We hope they will be useful to you, and help me make a well-informed decision to participate.
I would like to provide you with my short review of Arduino Boot Camp for Teachers by Peter Dalmaris. Firstly, if you are inclined to read only the first paragraph of reviews, it was great and I strongly recommend it.
Like many others, I have a few Arduino boards lying about, I see one on my desk right now, it came with a tank chassis I ordered to use as a platform for an arm. I am sure that if you look around you will find one near you, they have become nearly ubiquitous. However, I really haven’t done much with any of them.
To give you a better understanding of who I am, so you can understand the perspective that I am writing from, I teach Computer Apps (Word Processing, Photoshop, and Spreadsheets), and Robotics at a Middle School in the United States. Outside of the US I taught “A” level Economics and GCSE computer basics.
My main interest in this class was to add a higher level Robotics course (Robotics 2). The state I teach in has no Robotics curriculum or standard scheme of work for Robotics or Robotics 2, both of which are one semester classes.
The result is that I am developing the curriculum and scheme of work with the expectation, created by my administration that it will be used by my entire district (the bit about the whole district was communicated after I started the course . . . but no pressure, right. . .). As you can see, the level of what I needed was pretty high.
I am probably at a worse starting point than many reading this review. My last formal coding class was a course in Pascal. If that alone doesn’t tell you how long ago it was, I will make the math easy for you, it was in the 80s’. However, before you stop reading thinking “coding class” I do want to let you know that this class was more than that.
In addition to coding, which is done in a derivative of “C”, but not exactly “C,” the course also includes an electronics refresher. If these two words, coding and electronics, have turned you off, understand the Peter goes over these in the detail needed to complete the class. Further, if you read the linked material, you will be in a position to answer student questions.
Peter uses very good schematics as he presents the electronics. The only thing I would have liked to see different was to have the lecture on pulling switches up, or down, a bit more obviously titled, as I found myself going back to that lecture later and it was a bit hard to find. I recommend bookmarking that particular lecture. If you are like me, you will find yourself going back to it.

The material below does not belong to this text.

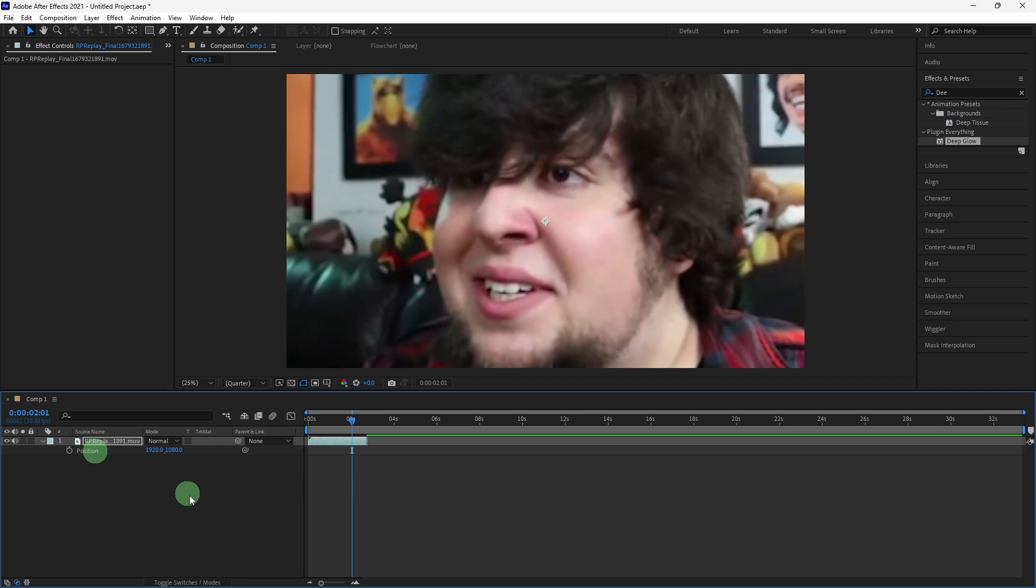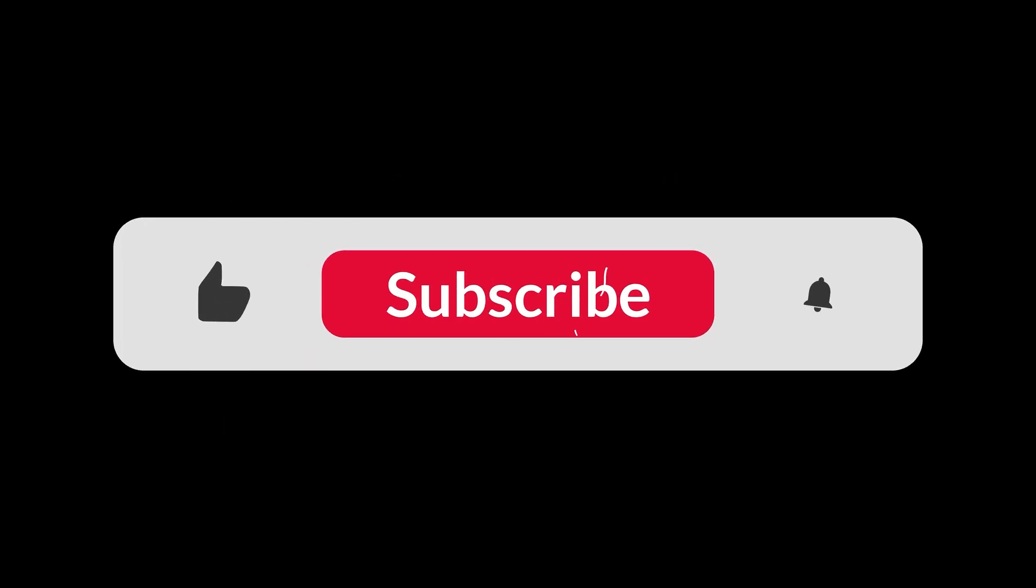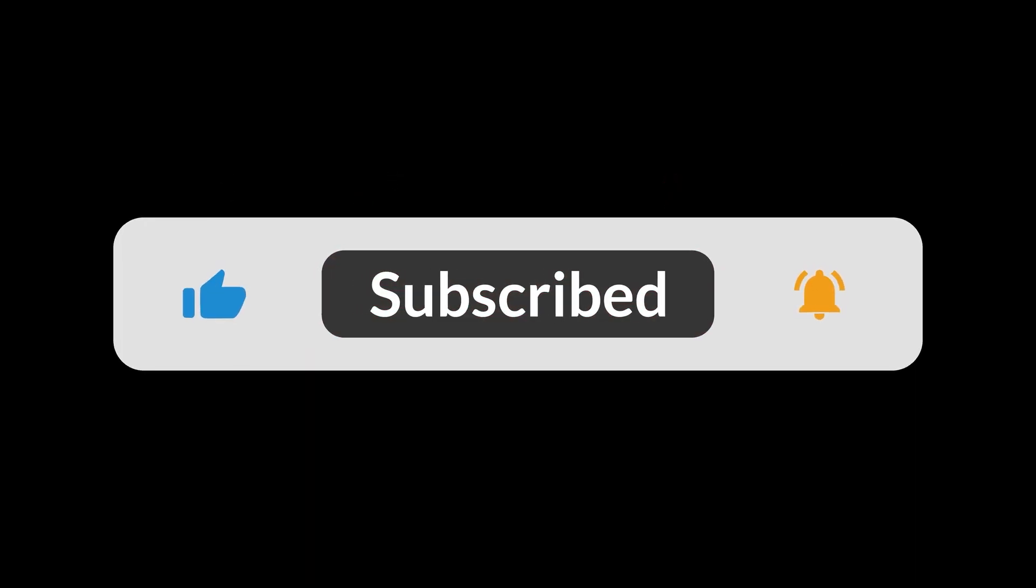Then preview the changes by clicking on the spacebar. And that's all for now folks. Thanks for watching.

Something that was particularly helpful was the series of lectures, lessons, and activities, involving external libraries. Again, this is something that will be presented in the class. In a nutshell, it provides a means of adding to the commands available in order to address specific needs.

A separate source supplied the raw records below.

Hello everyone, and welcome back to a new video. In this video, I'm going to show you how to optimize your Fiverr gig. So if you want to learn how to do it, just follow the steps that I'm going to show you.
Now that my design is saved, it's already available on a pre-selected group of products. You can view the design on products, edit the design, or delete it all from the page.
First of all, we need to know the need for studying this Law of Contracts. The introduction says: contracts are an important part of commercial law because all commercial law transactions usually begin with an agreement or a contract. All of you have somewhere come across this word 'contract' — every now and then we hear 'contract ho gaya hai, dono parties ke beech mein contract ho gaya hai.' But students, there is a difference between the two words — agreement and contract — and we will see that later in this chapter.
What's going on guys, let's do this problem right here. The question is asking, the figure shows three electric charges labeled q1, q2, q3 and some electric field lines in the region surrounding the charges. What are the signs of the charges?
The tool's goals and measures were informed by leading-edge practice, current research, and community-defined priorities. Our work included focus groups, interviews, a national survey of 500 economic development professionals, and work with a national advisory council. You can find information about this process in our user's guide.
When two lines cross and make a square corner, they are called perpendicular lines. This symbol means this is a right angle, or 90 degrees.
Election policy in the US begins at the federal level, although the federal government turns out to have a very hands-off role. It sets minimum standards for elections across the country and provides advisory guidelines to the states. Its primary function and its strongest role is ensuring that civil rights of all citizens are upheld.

The quizzes and lectures would work well in a flipped classroom. Seeing as the course comes with rights to use the quizzes I am in the process of moving them to the learning management system that I use.

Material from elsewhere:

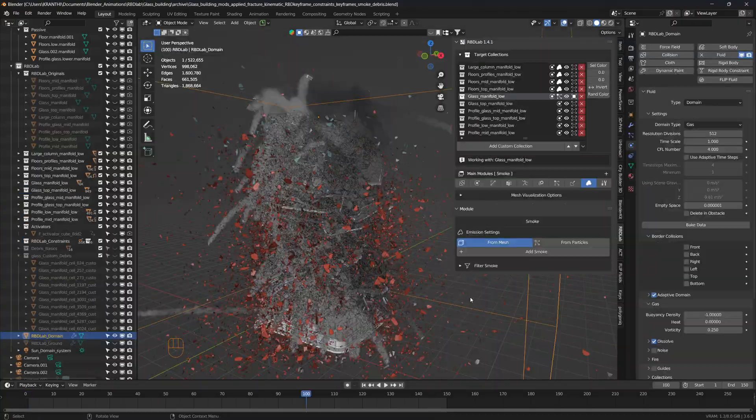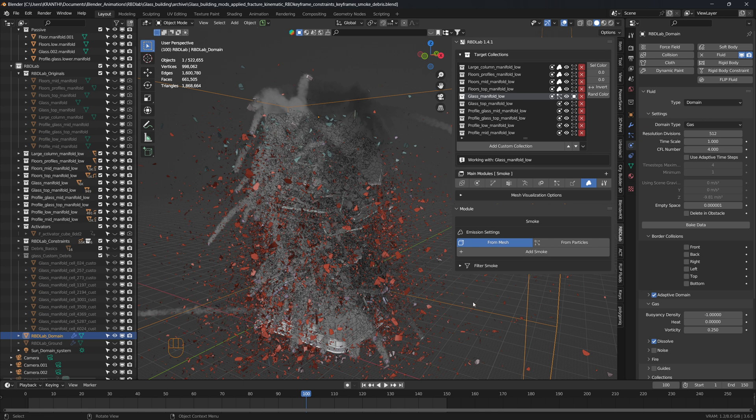Here are the smoke settings. I use the resolution of 512 and an adaptive domain.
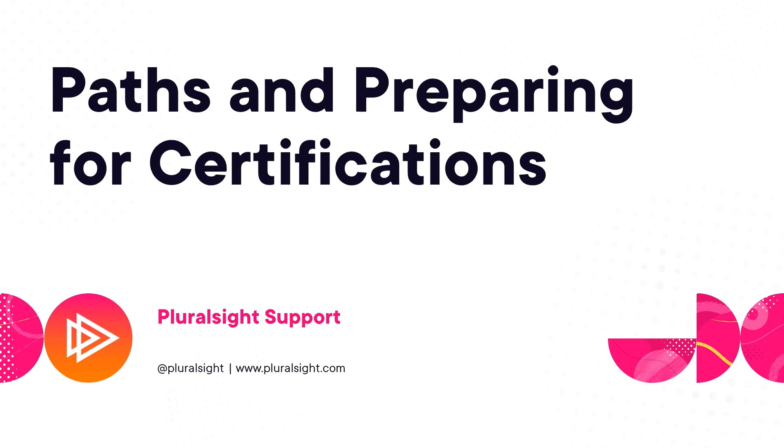In this video, you'll discover how Pluralsight skills can guide your learning with learning paths and certification paths.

In all, I recommend this class. In particular I recommend it if you have a basic understanding of electronics but may be a bit rusty. Do the words: LED, Diode, and Resistor have meaning to you? If you said yes then you passed that test. The same with programming skill, if you can form a single sentence that uses both the word “code” and the word “instruction” then you are ready.
It is worth the effort you put into it and you will be better prepared to introduce your students to programs the take information from, and act on, the world outside of the computer. And, it is fun.